Hong Kong’s Underground Marijuana Culture is Booming
In Hong Kong, marijuana is highly, highly illegal, with jail sentences and fines comparable to those of opium, a drug that historically had devastating effects across the far east. Last year there were a number of reports of a growing marijuana crackdown in the city. Possession charges can lead to fines equivalent to 128,000 U.S. dollars and seven years in jail, while charges for growing cannabis (like opium) can result in fines of 13,000 US dollars and a whopping 15 years in jail.
Last year the South China Morning Post reported that police seizures were dramatically up. “Police figures show cannabis seizures in the city increased by 96.2 percent to 255kg last year from 130kg in 2015. Local law enforcers seized 99kg of cannabis in 2014 and 85kg in 2013.” Interestingly, however, convictions for serious drug offenses, on the whole, were down.
A quick google search for marijuana in Hong Kong, marijuana culture in Hong Kong, and the like will bring up mostly (in English at least) articles about how illegal it is, or the latest police bust. Or one or two travel sites with dubious tips on where to buy your stash and how much it might cost. (One site says to go to Kowloon City, say you’re looking for ‘West Africans,’ “and definitely one of them will link you up.”)
Hong Kong became a special administrative region in China twenty years ago. Although the densely populated territory retains some remnants of its former status as a British territory, Hong Kong’s residents are now subject to many of the laws of mainland China. As Merry Jane’s Christel Escosa says, “It isn’t China, but it is.” Escosa explored the growing use of marijuana among the city’s youth in a video piece for Merry Jane.
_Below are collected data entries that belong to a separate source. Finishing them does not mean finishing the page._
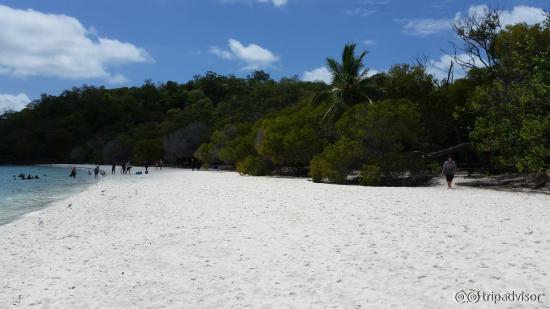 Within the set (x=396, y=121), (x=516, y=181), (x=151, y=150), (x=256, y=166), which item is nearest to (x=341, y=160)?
(x=396, y=121)

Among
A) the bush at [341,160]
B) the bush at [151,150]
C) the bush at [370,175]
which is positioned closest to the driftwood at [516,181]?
the bush at [370,175]

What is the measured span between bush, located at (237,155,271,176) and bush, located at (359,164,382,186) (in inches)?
522

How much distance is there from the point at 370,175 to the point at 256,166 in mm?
14219

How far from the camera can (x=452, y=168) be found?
20109 mm

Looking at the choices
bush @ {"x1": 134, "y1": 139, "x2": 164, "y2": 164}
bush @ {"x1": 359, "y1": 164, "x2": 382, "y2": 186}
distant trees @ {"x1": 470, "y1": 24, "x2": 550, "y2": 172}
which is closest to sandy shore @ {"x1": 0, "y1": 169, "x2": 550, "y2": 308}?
distant trees @ {"x1": 470, "y1": 24, "x2": 550, "y2": 172}

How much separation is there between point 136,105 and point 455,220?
405ft

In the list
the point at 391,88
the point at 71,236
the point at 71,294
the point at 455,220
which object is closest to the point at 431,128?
the point at 391,88

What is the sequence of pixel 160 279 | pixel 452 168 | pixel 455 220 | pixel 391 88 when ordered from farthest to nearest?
1. pixel 391 88
2. pixel 452 168
3. pixel 455 220
4. pixel 160 279

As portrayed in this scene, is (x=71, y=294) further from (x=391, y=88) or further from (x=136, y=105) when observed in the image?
(x=136, y=105)

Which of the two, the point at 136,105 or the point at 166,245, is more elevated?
the point at 136,105

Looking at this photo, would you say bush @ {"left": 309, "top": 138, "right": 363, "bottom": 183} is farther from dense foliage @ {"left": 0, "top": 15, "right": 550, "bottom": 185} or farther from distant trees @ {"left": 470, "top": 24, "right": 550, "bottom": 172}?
distant trees @ {"left": 470, "top": 24, "right": 550, "bottom": 172}

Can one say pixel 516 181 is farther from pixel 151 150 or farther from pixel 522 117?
pixel 151 150

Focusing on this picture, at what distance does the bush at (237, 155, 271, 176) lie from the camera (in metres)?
35.7

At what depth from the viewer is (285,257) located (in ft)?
25.7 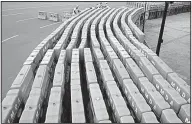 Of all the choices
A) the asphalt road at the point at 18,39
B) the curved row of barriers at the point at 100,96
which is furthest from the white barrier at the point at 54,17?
the curved row of barriers at the point at 100,96

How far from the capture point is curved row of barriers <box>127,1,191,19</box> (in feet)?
65.1

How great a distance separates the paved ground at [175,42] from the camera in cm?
993

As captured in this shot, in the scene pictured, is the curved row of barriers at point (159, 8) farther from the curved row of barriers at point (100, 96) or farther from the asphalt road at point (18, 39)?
the curved row of barriers at point (100, 96)

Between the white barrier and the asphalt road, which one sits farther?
the white barrier

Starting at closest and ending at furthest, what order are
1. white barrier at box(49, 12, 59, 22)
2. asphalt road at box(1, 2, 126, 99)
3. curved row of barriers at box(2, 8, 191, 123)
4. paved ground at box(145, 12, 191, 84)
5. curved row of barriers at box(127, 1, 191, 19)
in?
1. curved row of barriers at box(2, 8, 191, 123)
2. asphalt road at box(1, 2, 126, 99)
3. paved ground at box(145, 12, 191, 84)
4. white barrier at box(49, 12, 59, 22)
5. curved row of barriers at box(127, 1, 191, 19)

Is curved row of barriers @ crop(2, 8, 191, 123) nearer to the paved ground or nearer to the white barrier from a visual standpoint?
the paved ground

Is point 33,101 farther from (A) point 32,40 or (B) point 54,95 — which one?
(A) point 32,40

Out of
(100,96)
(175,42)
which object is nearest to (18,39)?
(100,96)

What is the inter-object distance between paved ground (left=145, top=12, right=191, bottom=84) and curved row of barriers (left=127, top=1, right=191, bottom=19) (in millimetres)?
974

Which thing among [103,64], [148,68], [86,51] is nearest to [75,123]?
[103,64]

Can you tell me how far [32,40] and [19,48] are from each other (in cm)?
173

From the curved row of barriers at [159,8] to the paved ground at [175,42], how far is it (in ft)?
3.19

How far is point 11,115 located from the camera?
Answer: 12.8ft

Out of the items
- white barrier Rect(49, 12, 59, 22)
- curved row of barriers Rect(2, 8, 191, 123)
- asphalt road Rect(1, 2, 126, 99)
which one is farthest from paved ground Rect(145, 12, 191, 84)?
white barrier Rect(49, 12, 59, 22) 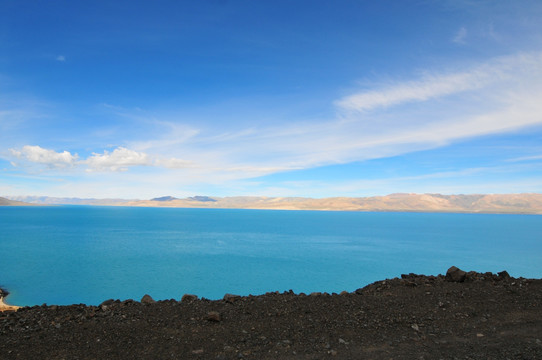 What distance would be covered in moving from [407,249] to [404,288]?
73.6 metres

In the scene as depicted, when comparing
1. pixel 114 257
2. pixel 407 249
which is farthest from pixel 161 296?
pixel 407 249

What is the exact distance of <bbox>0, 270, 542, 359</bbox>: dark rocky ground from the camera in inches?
249

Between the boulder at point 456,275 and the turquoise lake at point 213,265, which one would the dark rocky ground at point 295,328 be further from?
the turquoise lake at point 213,265

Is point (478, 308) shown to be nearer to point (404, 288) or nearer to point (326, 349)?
A: point (404, 288)

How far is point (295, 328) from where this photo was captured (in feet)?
24.2

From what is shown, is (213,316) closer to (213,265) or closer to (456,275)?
(456,275)

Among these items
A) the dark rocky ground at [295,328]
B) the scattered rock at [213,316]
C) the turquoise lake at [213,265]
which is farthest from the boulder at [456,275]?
the turquoise lake at [213,265]

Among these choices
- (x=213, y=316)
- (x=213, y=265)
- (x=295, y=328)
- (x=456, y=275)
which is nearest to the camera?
(x=295, y=328)

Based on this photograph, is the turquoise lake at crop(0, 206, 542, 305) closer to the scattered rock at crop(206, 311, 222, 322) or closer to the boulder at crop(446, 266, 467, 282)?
the boulder at crop(446, 266, 467, 282)

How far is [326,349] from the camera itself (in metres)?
6.45

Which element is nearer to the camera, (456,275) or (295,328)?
(295,328)

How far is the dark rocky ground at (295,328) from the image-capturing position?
632cm

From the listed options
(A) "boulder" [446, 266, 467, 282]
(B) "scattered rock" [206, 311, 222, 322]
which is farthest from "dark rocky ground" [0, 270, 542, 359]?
(A) "boulder" [446, 266, 467, 282]

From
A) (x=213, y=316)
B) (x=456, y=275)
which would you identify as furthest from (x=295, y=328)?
(x=456, y=275) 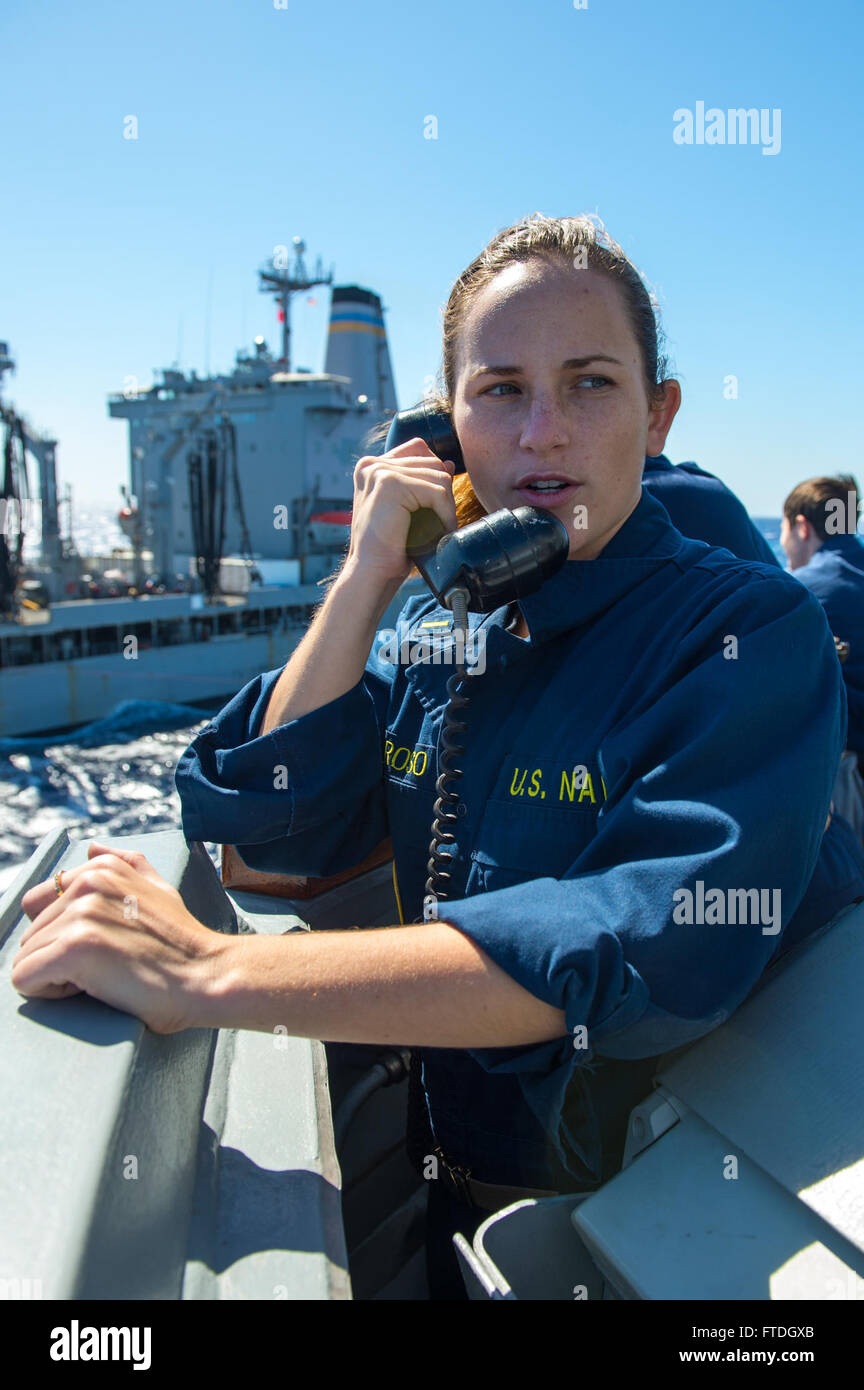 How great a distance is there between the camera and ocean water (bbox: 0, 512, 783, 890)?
565 inches

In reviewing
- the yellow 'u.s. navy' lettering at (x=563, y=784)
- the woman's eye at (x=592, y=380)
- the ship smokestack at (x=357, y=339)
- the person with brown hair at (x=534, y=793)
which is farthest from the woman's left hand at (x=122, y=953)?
the ship smokestack at (x=357, y=339)

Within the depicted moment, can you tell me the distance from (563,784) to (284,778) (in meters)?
0.53

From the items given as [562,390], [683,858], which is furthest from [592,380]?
[683,858]

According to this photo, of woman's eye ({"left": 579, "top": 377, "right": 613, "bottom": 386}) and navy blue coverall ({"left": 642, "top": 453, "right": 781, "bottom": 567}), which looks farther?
navy blue coverall ({"left": 642, "top": 453, "right": 781, "bottom": 567})

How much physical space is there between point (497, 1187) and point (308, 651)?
92 cm

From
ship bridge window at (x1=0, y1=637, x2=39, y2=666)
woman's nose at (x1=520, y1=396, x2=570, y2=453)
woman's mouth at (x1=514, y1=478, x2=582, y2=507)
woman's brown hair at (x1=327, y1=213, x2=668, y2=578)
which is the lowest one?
ship bridge window at (x1=0, y1=637, x2=39, y2=666)

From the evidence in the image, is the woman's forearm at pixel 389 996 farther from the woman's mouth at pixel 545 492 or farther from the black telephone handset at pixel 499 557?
the woman's mouth at pixel 545 492

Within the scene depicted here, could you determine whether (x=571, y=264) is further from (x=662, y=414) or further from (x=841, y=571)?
(x=841, y=571)

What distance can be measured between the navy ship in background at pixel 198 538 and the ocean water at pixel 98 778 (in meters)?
0.97

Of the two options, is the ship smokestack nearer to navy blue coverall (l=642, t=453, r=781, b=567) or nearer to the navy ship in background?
the navy ship in background

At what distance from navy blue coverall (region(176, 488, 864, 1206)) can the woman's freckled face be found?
0.30 feet

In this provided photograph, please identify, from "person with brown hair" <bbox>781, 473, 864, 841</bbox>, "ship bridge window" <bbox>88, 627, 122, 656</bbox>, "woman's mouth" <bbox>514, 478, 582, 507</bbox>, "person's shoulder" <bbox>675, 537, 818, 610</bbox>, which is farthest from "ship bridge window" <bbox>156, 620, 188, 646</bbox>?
"person's shoulder" <bbox>675, 537, 818, 610</bbox>

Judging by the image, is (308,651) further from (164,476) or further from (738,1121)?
(164,476)

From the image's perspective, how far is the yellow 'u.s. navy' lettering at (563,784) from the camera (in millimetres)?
1146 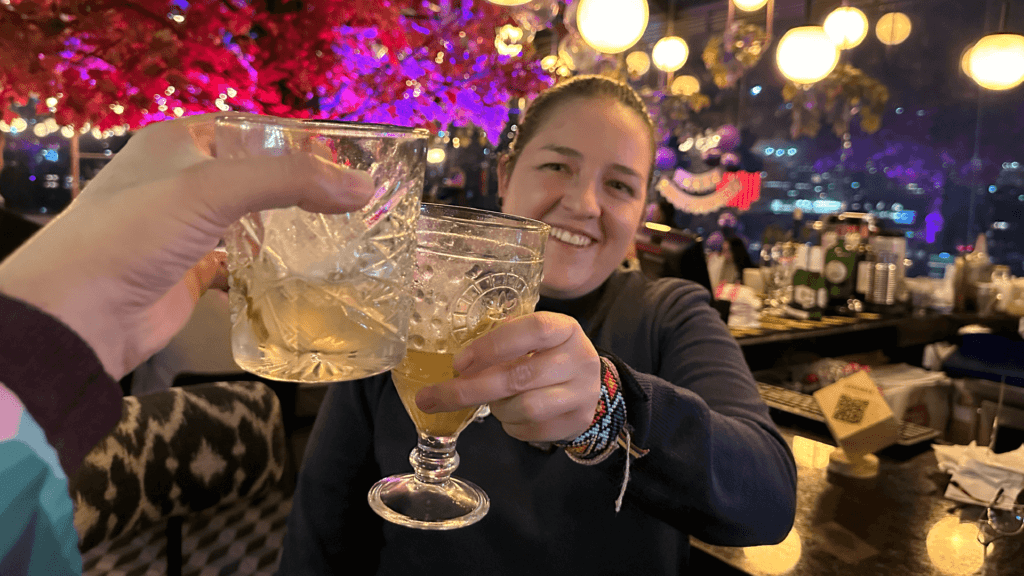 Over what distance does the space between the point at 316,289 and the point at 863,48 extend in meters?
9.01

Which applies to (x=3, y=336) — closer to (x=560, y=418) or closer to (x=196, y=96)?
(x=560, y=418)

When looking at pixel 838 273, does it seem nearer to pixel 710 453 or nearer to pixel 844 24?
pixel 844 24

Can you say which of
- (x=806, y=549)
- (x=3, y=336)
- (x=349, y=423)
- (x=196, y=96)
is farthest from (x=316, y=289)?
(x=196, y=96)

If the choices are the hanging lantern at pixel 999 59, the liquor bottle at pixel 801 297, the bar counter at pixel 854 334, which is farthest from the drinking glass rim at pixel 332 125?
the hanging lantern at pixel 999 59

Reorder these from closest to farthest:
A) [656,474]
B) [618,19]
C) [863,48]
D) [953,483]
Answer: [656,474], [953,483], [618,19], [863,48]

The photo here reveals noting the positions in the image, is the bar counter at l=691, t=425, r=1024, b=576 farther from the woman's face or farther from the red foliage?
the red foliage

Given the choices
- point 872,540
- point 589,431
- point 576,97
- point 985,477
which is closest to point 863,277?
point 985,477

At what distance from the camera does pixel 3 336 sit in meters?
0.38

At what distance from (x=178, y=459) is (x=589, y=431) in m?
1.06

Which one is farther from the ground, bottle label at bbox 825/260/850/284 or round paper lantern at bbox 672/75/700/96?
round paper lantern at bbox 672/75/700/96

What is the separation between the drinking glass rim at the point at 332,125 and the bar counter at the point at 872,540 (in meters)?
1.03

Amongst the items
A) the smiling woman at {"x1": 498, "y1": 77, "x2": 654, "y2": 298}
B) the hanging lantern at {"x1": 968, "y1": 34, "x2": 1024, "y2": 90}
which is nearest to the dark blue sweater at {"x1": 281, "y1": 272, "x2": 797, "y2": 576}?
the smiling woman at {"x1": 498, "y1": 77, "x2": 654, "y2": 298}

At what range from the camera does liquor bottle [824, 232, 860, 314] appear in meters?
4.00

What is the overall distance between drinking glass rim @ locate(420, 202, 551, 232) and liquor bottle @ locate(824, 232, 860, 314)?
12.3ft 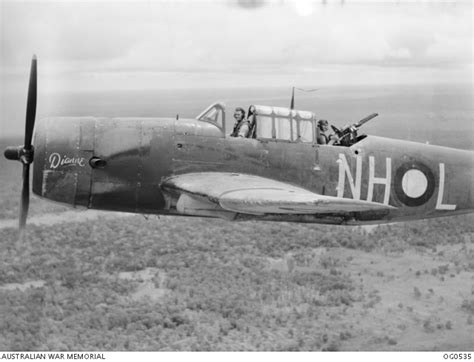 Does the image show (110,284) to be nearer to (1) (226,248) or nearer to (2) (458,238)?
(1) (226,248)

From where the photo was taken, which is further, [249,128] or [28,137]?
[249,128]

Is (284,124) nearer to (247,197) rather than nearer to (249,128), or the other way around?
(249,128)

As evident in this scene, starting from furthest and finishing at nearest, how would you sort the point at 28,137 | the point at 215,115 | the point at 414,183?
the point at 414,183 → the point at 215,115 → the point at 28,137

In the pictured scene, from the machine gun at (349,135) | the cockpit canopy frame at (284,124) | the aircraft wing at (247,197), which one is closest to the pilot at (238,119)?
the cockpit canopy frame at (284,124)

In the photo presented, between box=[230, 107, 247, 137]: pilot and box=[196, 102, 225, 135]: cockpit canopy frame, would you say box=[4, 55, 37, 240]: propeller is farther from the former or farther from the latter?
box=[230, 107, 247, 137]: pilot

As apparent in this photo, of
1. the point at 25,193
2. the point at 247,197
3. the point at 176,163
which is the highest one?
the point at 176,163

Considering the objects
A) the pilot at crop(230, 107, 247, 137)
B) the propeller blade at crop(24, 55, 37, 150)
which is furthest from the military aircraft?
the pilot at crop(230, 107, 247, 137)

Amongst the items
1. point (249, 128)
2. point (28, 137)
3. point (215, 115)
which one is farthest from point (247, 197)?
point (28, 137) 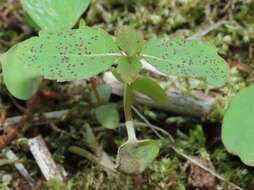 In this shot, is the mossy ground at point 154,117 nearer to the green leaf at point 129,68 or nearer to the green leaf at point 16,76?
the green leaf at point 16,76

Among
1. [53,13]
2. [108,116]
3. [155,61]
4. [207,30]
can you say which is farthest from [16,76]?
[207,30]

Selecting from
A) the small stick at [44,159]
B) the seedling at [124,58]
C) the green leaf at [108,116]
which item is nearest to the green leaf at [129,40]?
the seedling at [124,58]

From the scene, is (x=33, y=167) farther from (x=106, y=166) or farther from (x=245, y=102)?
(x=245, y=102)

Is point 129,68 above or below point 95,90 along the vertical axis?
above

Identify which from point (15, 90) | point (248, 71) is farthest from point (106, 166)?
point (248, 71)

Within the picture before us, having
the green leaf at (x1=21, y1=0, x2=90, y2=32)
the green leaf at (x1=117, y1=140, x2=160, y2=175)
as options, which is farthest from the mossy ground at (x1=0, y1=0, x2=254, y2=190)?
the green leaf at (x1=21, y1=0, x2=90, y2=32)

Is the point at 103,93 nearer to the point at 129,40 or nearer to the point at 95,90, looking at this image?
the point at 95,90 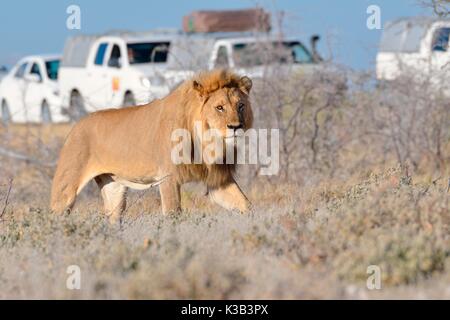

Marijuana is definitely something apart from mainstream culture in China, but that doesn’t mean it’s not there. Being such a global city, it’s popular among expats, and the culturally savvy younger generation. It’s also popular in the local hip-hop scene. Many young Hong Kongers are embracing it with gusto, according to Escosa, while elders, most of whom still see marijuana as a serious and harmful drug, are often oblivious. One teen told Escosa on camera that he smokes it at home, in the bathroom or even the kitchen around his parents, knowing they won’t even recognize the smell.
Meanwhile, marijuana is also more common, likely among a wider spectrum of age groups, in the expat community. Many are, of course, westerners from countries and cultures which are more forgiving of the drug. Escoso spoke to an expat who said she didn’t know any locals who partook. The expat also laughingly admitted to being blissfully unaware of the local legality or lack thereof.
The youth culture, however, is where cannabis is really taking hold, and as they mature this trend may be what has the most significant effect on the acceptance of cannabis in Hong Kong. Although, as Escosa says, “The green diletantes of Hong Kong are arguably mostly hip hop herbalists without a cause,” they could still have a profound effect.